Additionally, Plaintiff's contention that extreme sanctions have been imposed against a pro se is false. As a result of Defendant prevailing on its opposition to Plaintiff's Motion to Compel (#57), the court is required to give it an opportunity to request reasonable expenses. See Fed. R. Civ. P. 37(a)(5)(B). Although Plaintiff contends that the Court sua sponte raised this issue, this is a mischaracterization given that Rule requires the Court to provide Defendant with the opportunity to seek costs, Plaintiff is given the opportunity to respond, and no sanctions have been ordered at this time. Accordingly, the Court concludes that recusal is not warranted under either section 455(a) or section 455(b).

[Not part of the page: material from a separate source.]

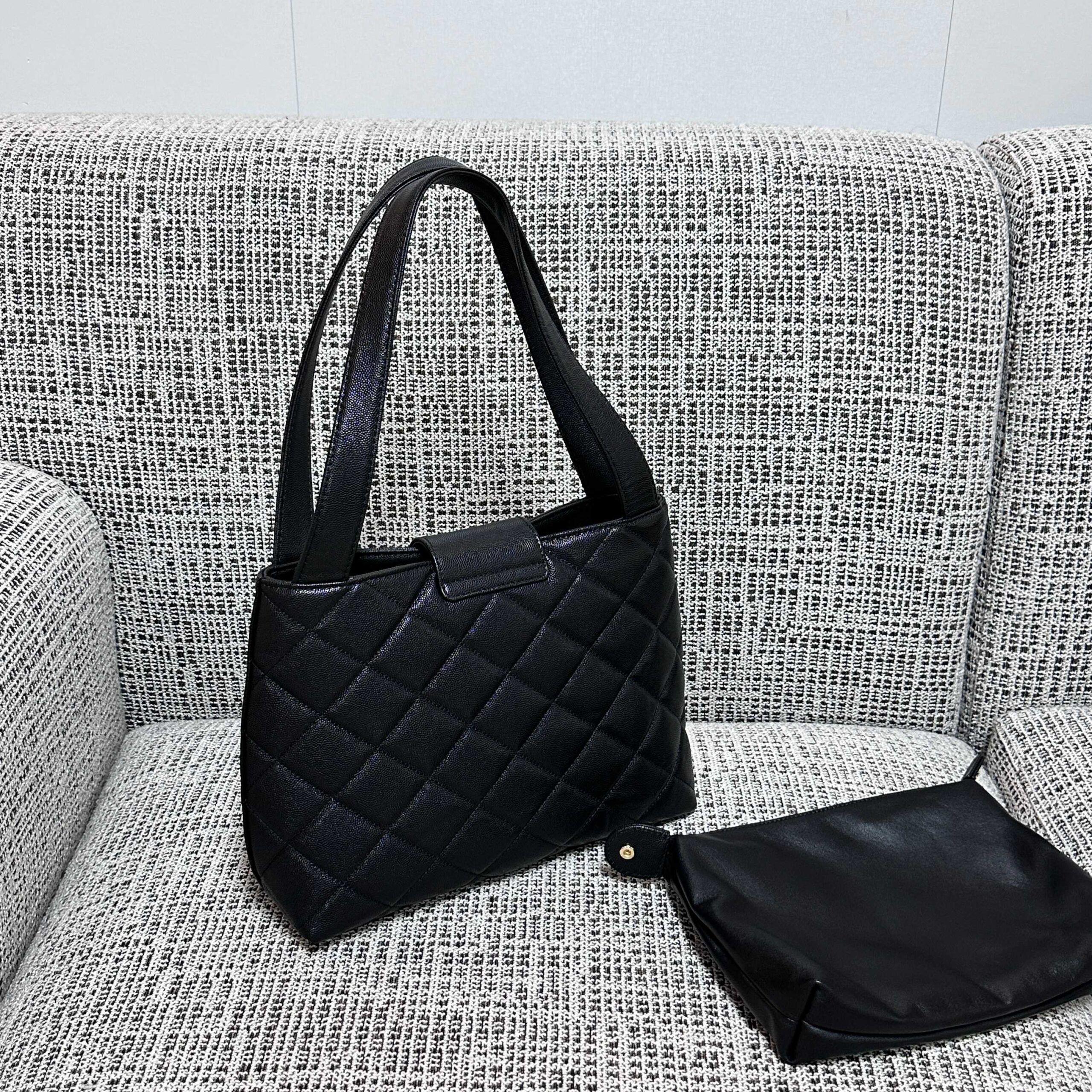 CHANEL Vintage Black and Gold Kelly Handbag - Image 6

Based on the foregoing and good cause appearing therefore,

IT IS HEREBY ORDERED that Plaintiff Rosemary Garity's Motion for Disqualification of Magistrate Judge Hoffman (#87) is denied.

___________

C.W. Hoffman, Jr.

United States Magistrate Judge


Summaries of

Garity v. Donahoe

UNITED STATES DISTRICT COURT DISTRICT OF NEVADA
Sep 16, 2013
Case No. 2:11-cv-01805-MMD-CWH (D. Nev. Sep. 16, 2013)
Case details for

Garity v. Donahoe

Case Details

Full title:ROSEMARY GARITY, Plaintiff, v. USPS PMG PATRICK DONAHOE, Defendant.

Court:UNITED STATES DISTRICT COURT DISTRICT OF NEVADA

Date published: Sep 16, 2013

Citations

Case No. 2:11-cv-01805-MMD-CWH (D. Nev. Sep. 16, 2013)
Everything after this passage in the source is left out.